=== INPUT DATA ===
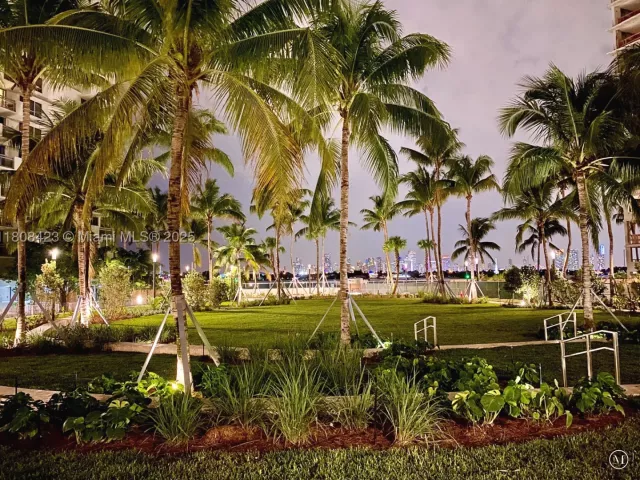 2-bedroom condo for rent in Miami Beach - 1500 Bay Rd 1534S - MondialRealty
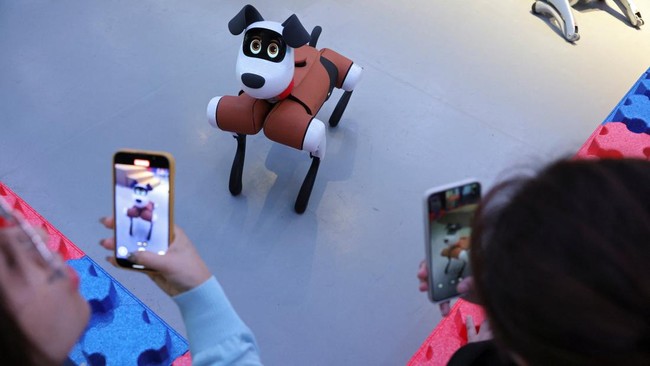 Perang Teknologi Pecah, Robot Canggih China Dilarang Masuk Amerika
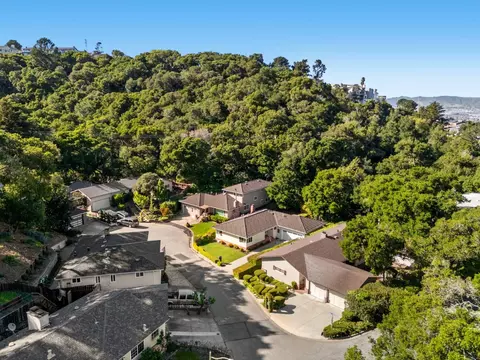 View/Area - 2 Corte Camellia, Millbrae, CA 94030 photo 5 of 7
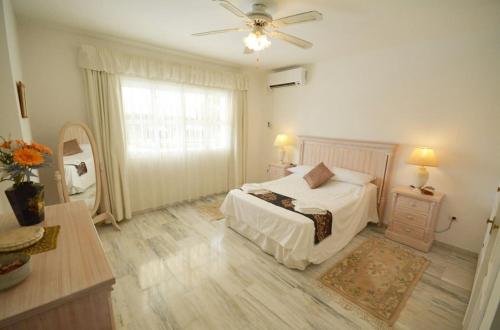 7-Bed Villa Heated Pool Golf paradise Sleeps 16 in La Sierrezuela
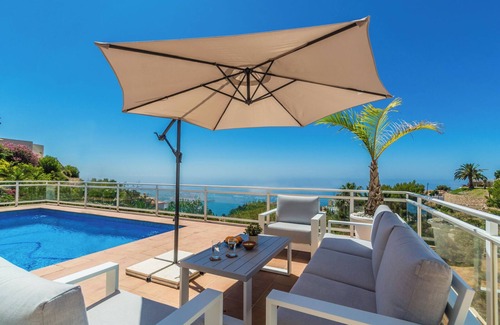 Salobreña Villa | Villa Oliva con piscina climatizada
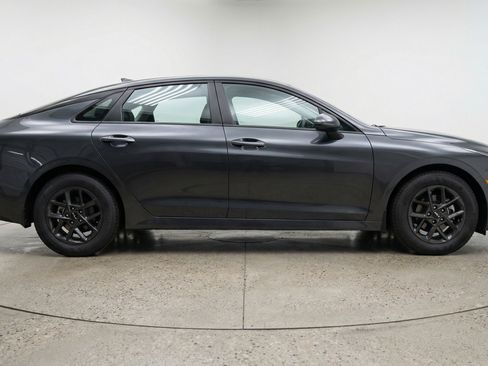 Used 2025 Kia K5 LXS FWD image 11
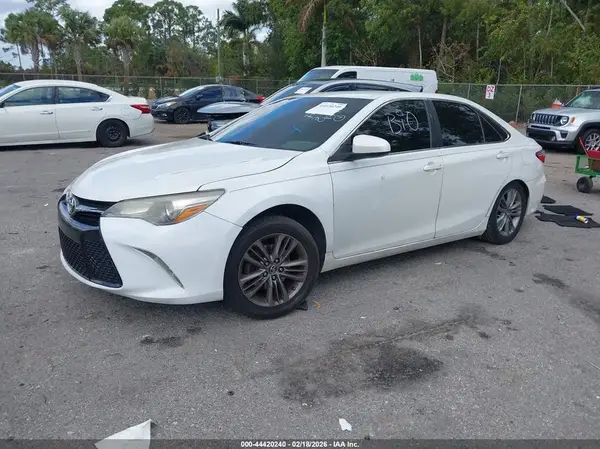 4T1BF1FK0GU549492 2016 TOYOTA CAMRY - Image 2
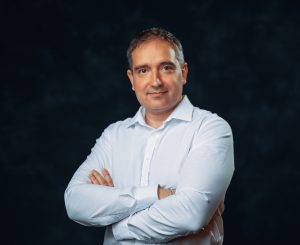 Dr. Dimitris Kazarnovskis, Gründer und CEO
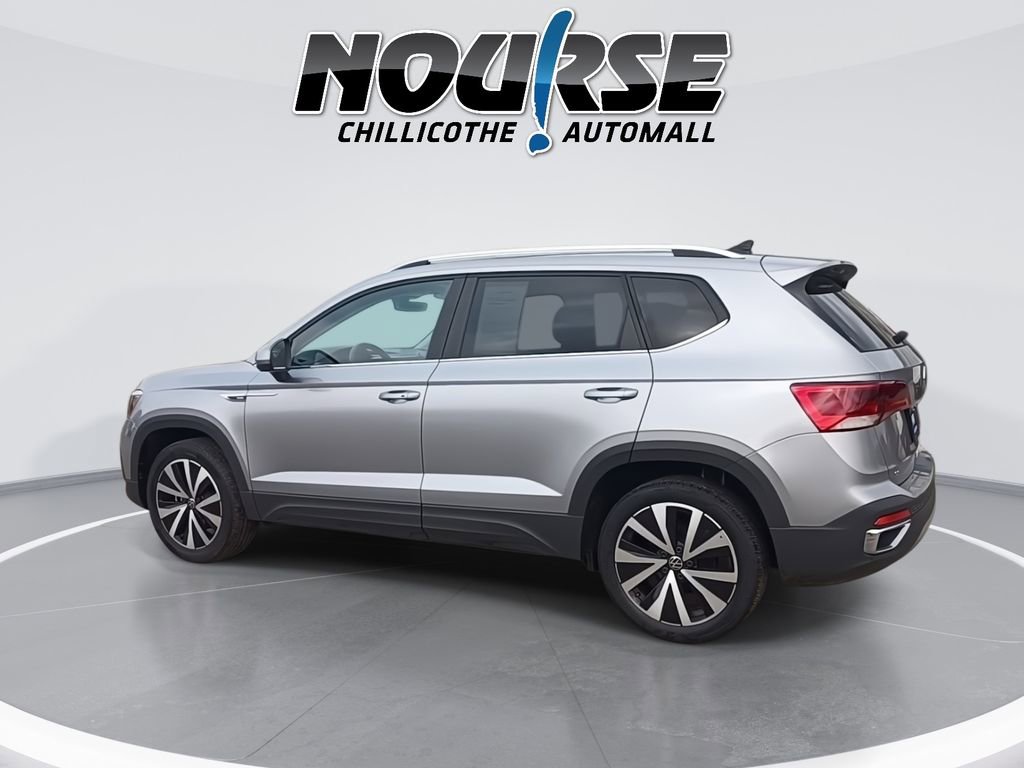 Used 2024 Volkswagen Taos SE image 6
===
EXERCISE BRIEF -> Word for word, write out each of the records, but not the pictures.

TASK ANSWER ->
 2-bedroom condo for rent in Miami Beach - 1500 Bay Rd 1534S - MondialRealty
 Perang Teknologi Pecah, Robot Canggih China Dilarang Masuk Amerika
 View/Area - 2 Corte Camellia, Millbrae, CA 94030 photo 5 of 7
 7-Bed Villa Heated Pool Golf paradise Sleeps 16 in La Sierrezuela
 Salobreña Villa | Villa Oliva con piscina climatizada
 Used 2025 Kia K5 LXS FWD image 11
 4T1BF1FK0GU549492 2016 TOYOTA CAMRY - Image 2
 Dr. Dimitris Kazarnovskis, Gründer und CEO
 Used 2024 Volkswagen Taos SE image 6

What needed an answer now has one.